**Work to be completed:** Set the pictures aside and transcribe exactly the lines from the one containing "PEUGEOT 308 1.2" through the final line of the records.

*** Opening of Record set ***

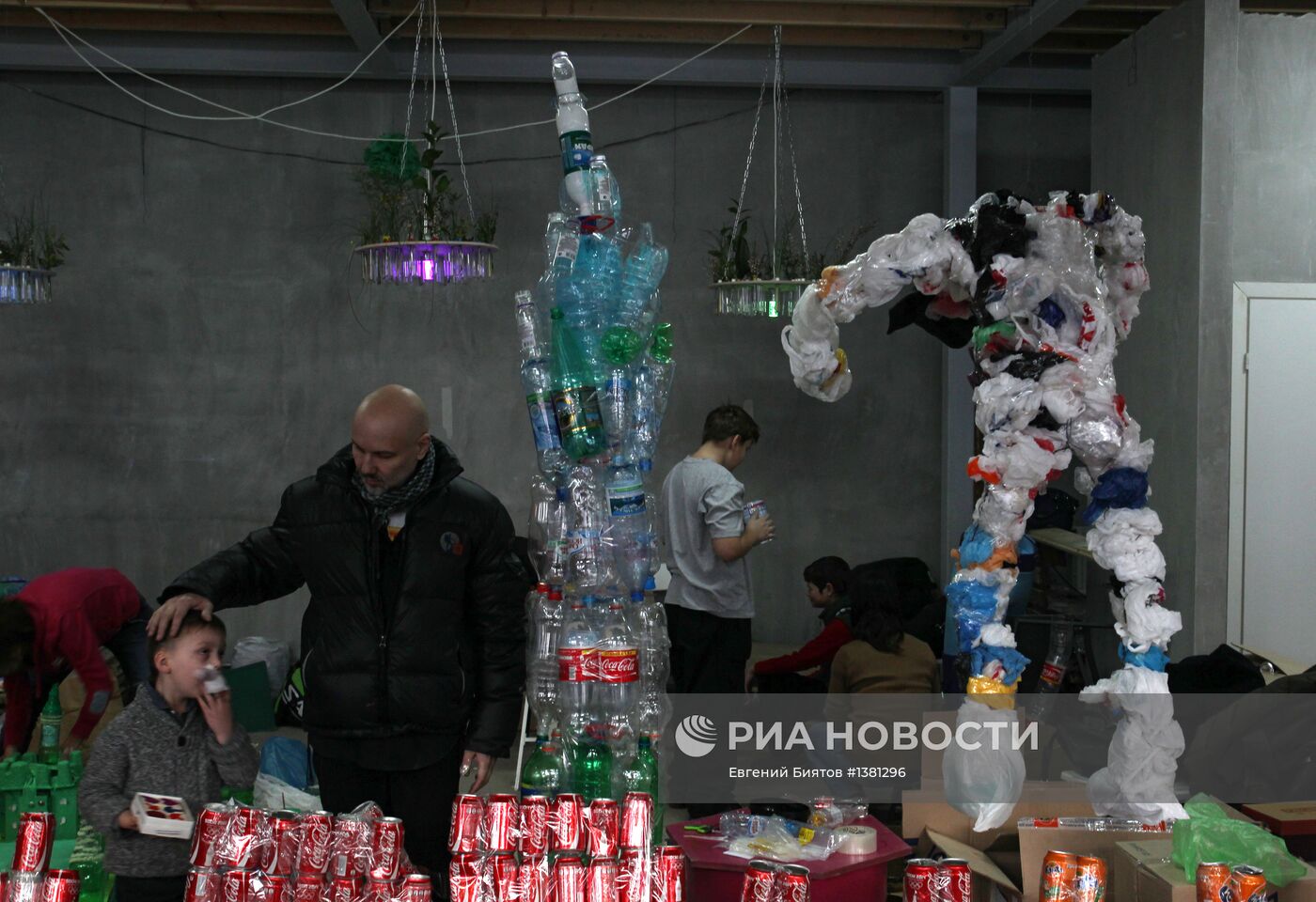 Акция по изготовлению арт-объектов из мусора в Москве
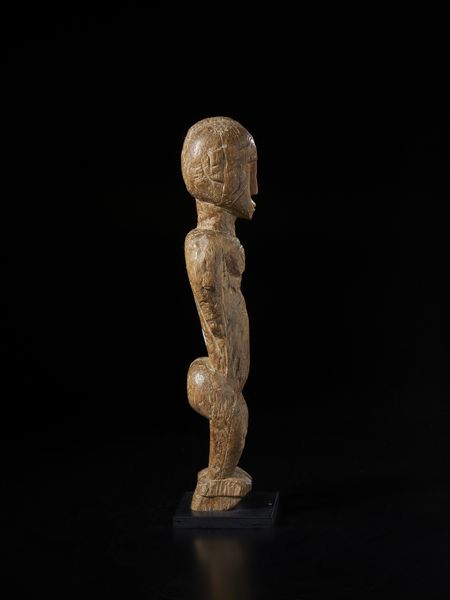 Mossi - Burkina Faso : Scultura antropomorfa con mancanza. Legno duro a patina chiara.  - Asta Asta 422 | AFRICA, OCEANIA E AMERICHE - ARTIGIANATO AFRICANO: VARI COMMITTENTI E SELEZIONE DALLA COLLEZIONE BARTOLOMUCCI Online - Associazione Nazionale - Case d'Asta italiane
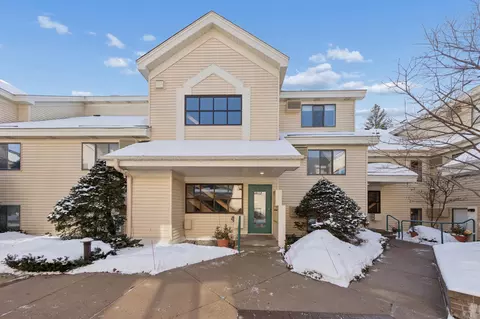7606 York Ave S #7208, Edina, MN 55435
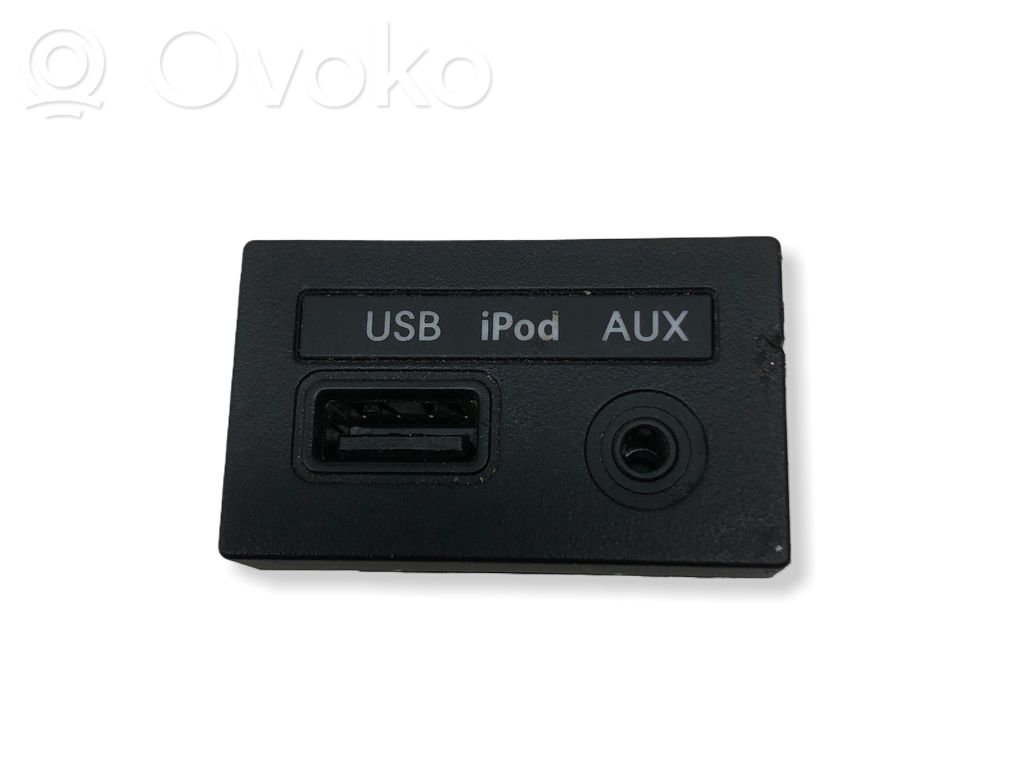 Hyundai i40 Gniazdo / Złącze USB 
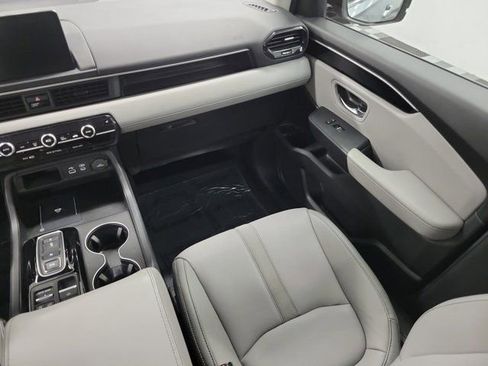 Certified 2025 Honda Pilot EX-L image 15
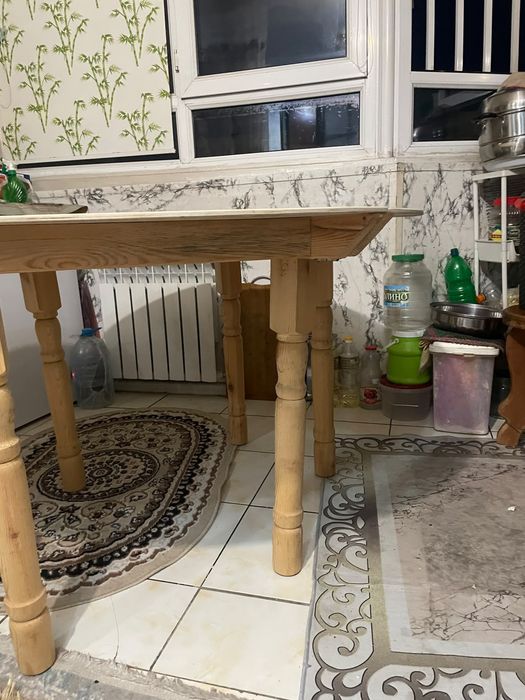 Жиналатын және ағаш стол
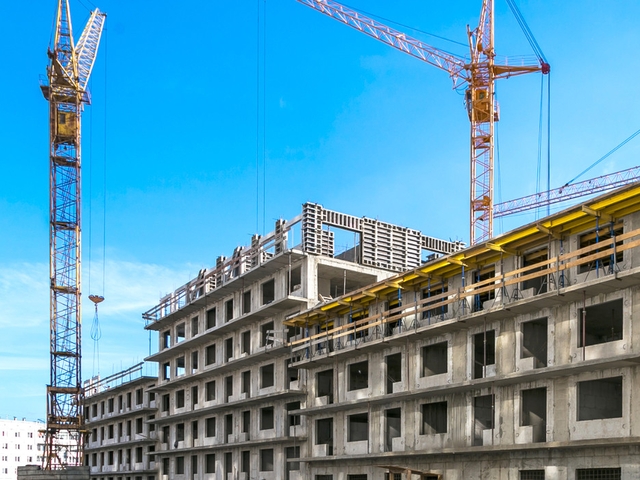 Спрос на квартиры в новостройках в среднем упал на 35%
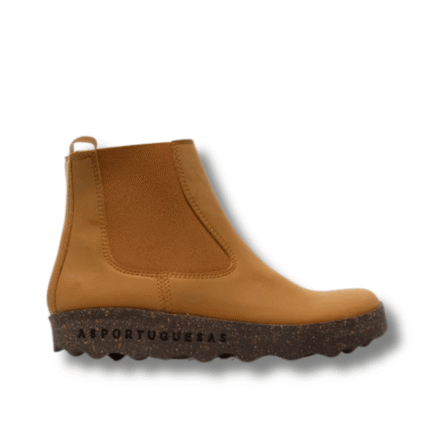 Botas Chelsea veganas Civet As Portuguesas, na cor camel, com elásticos laterais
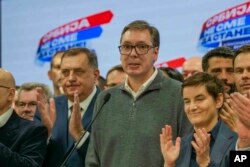 Predsednik RS Milorad Dodik, predsednik Srbije Aleksandar Vučić i premijerka Srbije Ana Brnabić tokom obraćanja pristalicama posle izbora, Beograd, 17. decembar 2023.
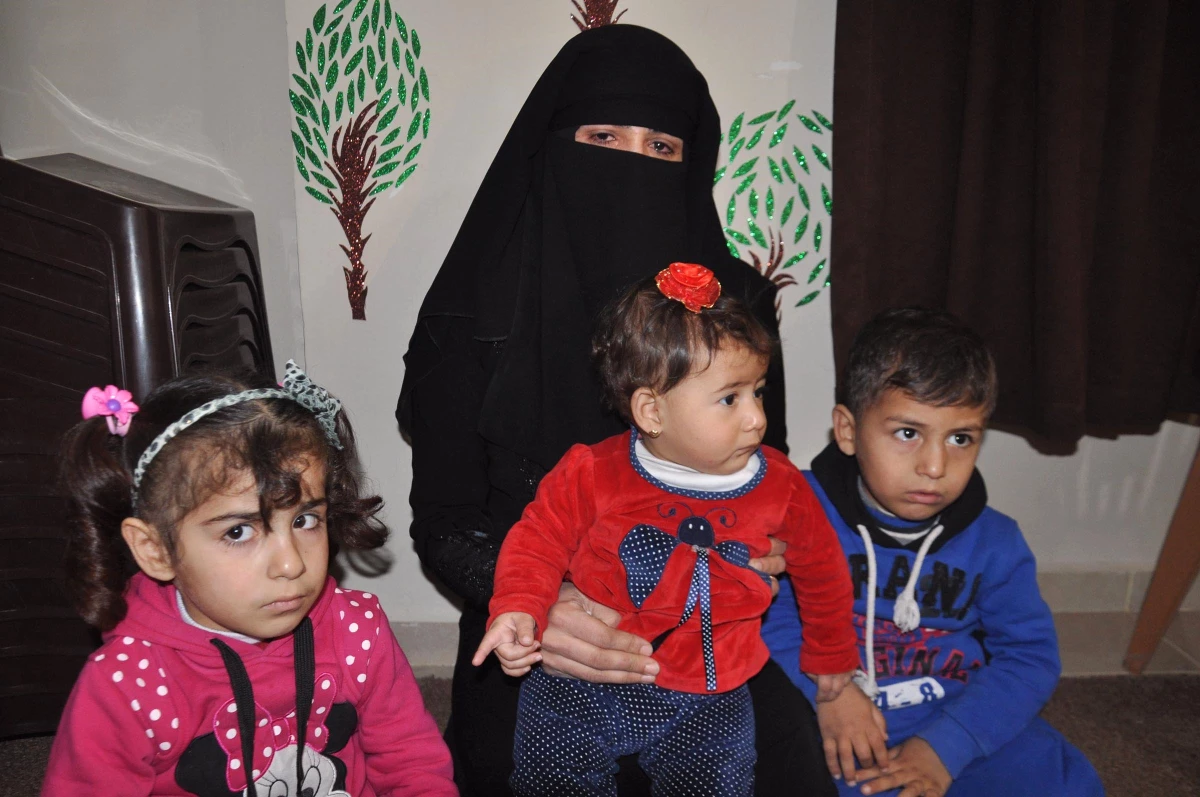 Hatay Suriye\'deki Savaş Anne, Kızı ve Gelinini Dul Bıraktı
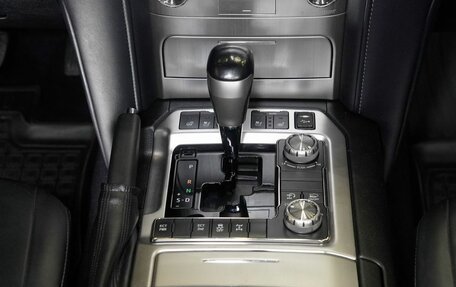 Toyota Land Cruiser 200, 2016 год, 4 420 000 рублей, 28 фотография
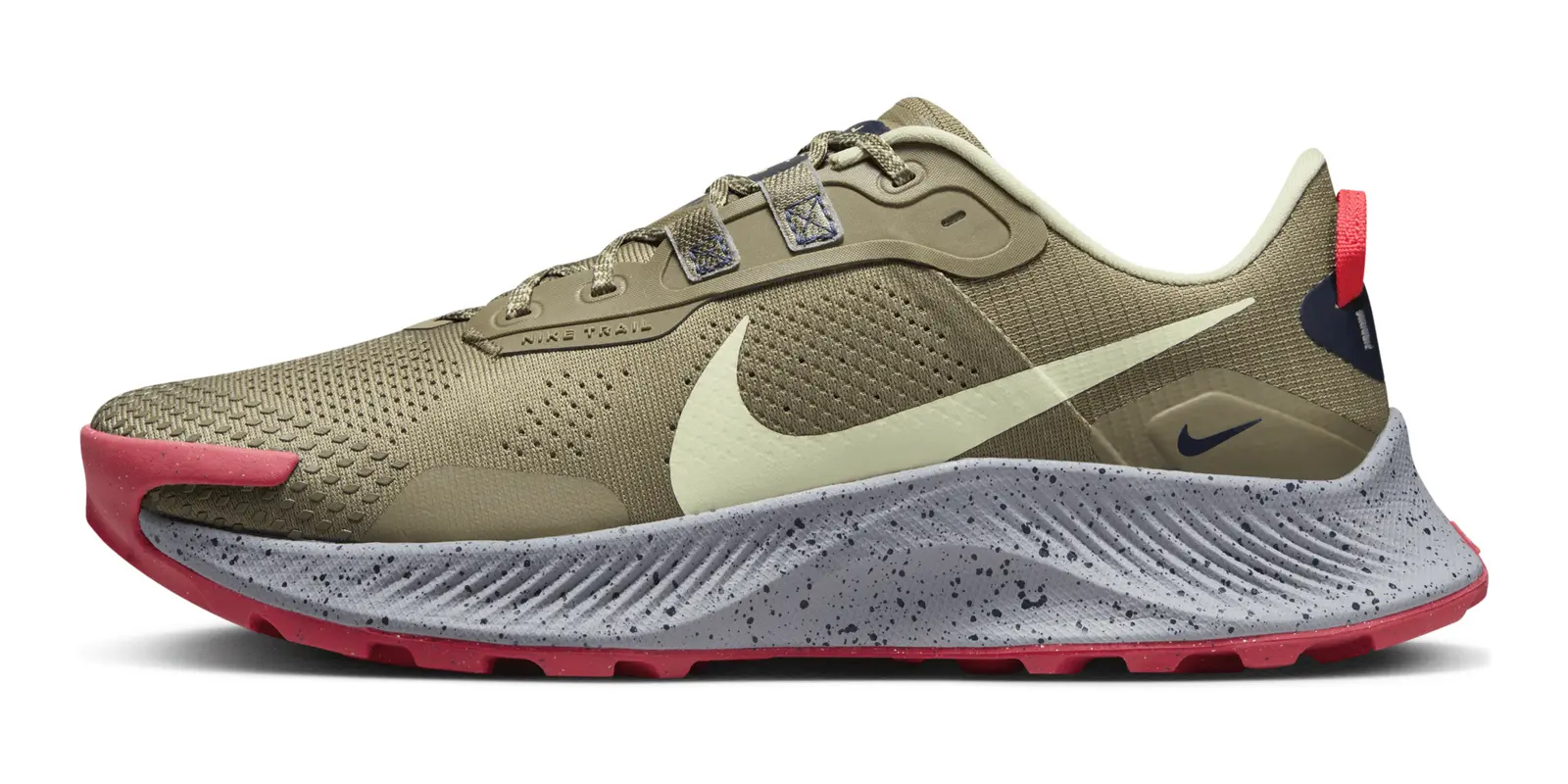 Nike Pegasus Trail 3 in Grey
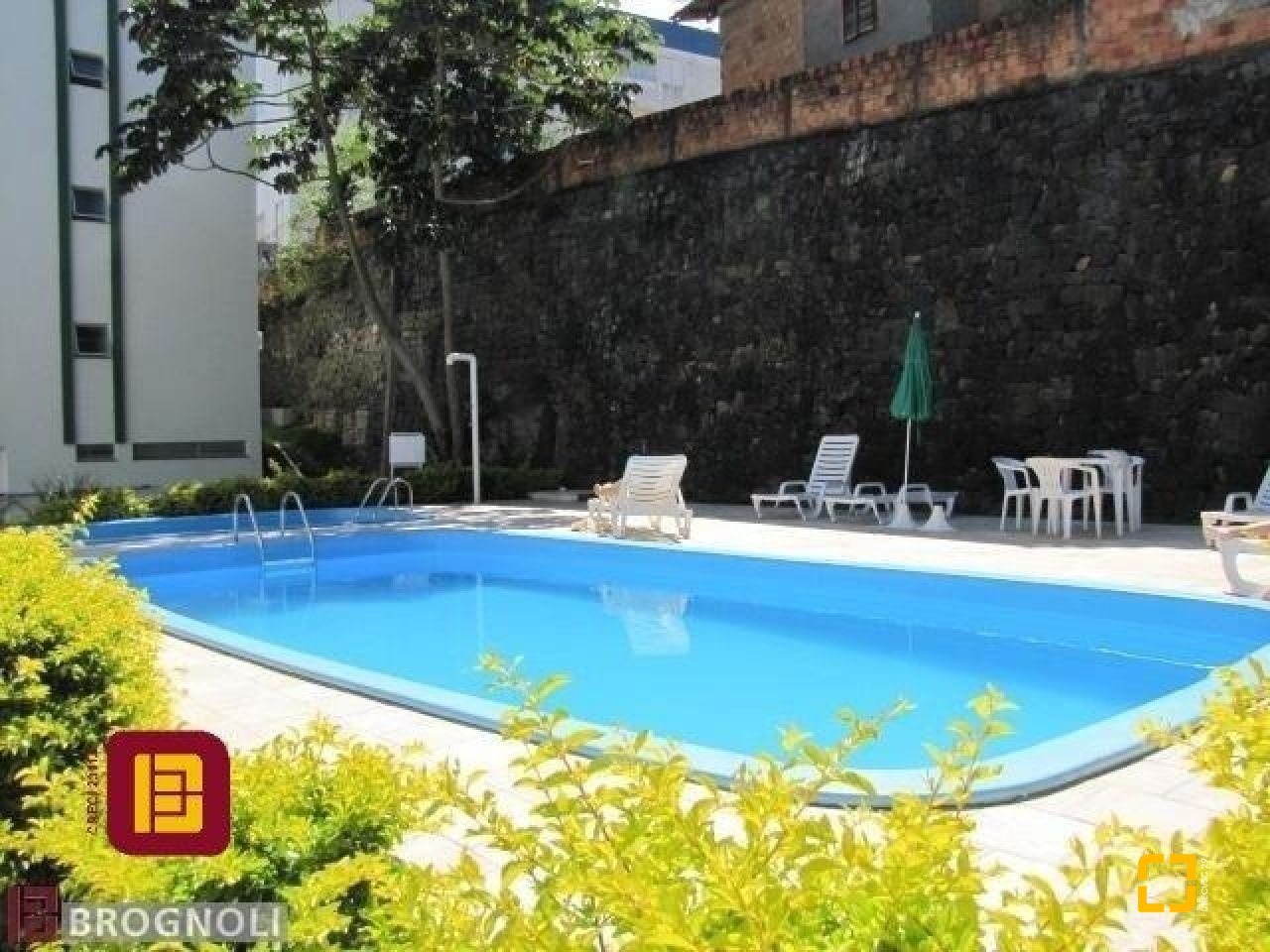 Apartamento com 71m², 2 quartos, 1 garagem, no bairro Córrego Grande em Florianópolis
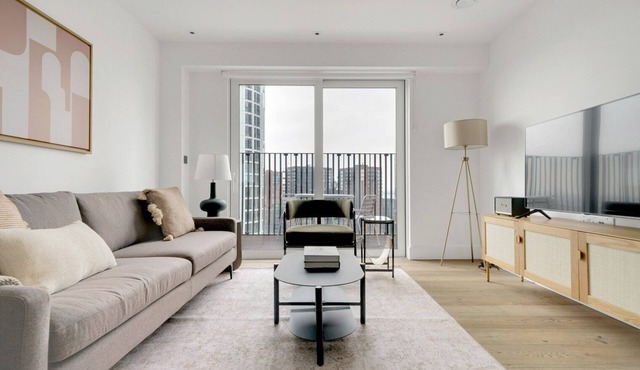 Open plan Vauxhall 1BR, modern, by Blueground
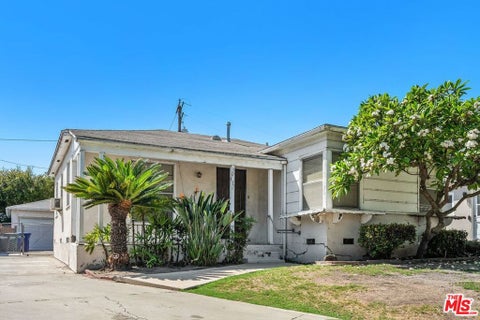 Tiny photo for 3011 Sentney Avenue, Culver City, CA 90232 (MLS # 26988047)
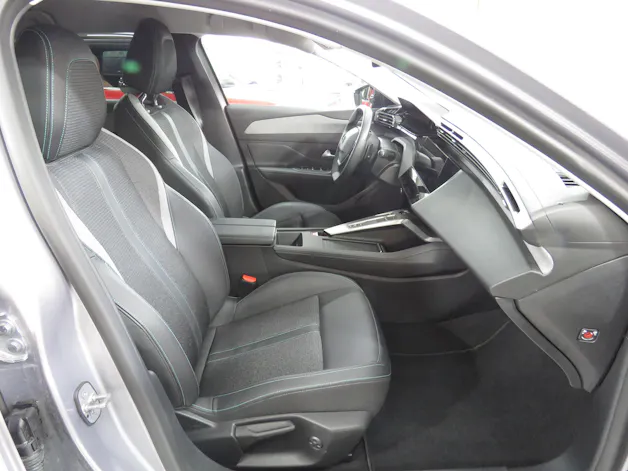 PEUGEOT 308 1.2 Pure Tech Allure EAT8 (Automat)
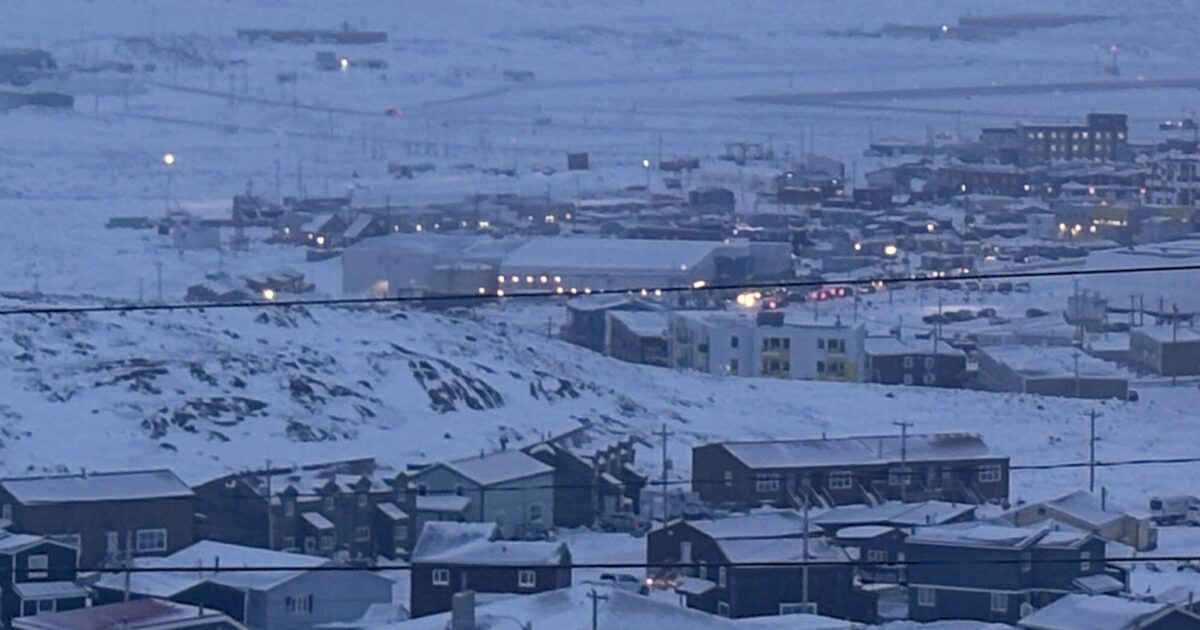 Lights out in Iqaluit after power equipment fails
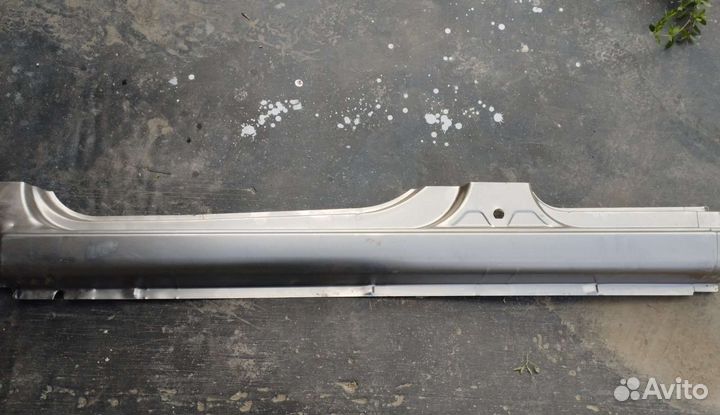 Левый порог лада гранта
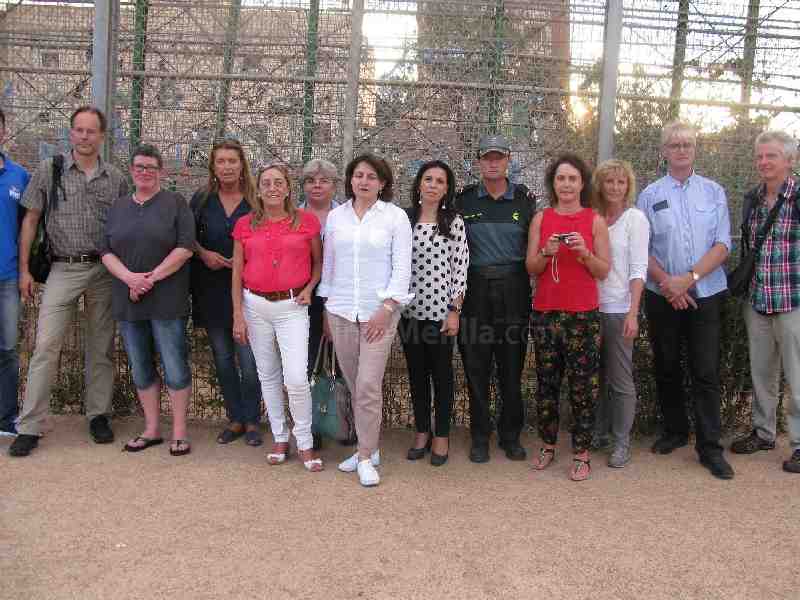 Profesores del proyecto europeo COMENIUS conocen la realidad fronteriza de Melilla de manos de la Guardia Civil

*** Close of Record set ***

**Completed exercise:**
 PEUGEOT 308 1.2 Pure Tech Allure EAT8 (Automat)
 Lights out in Iqaluit after power equipment fails
 Левый порог лада гранта
 Profesores del proyecto europeo COMENIUS conocen la realidad fronteriza de Melilla de manos de la Guardia Civil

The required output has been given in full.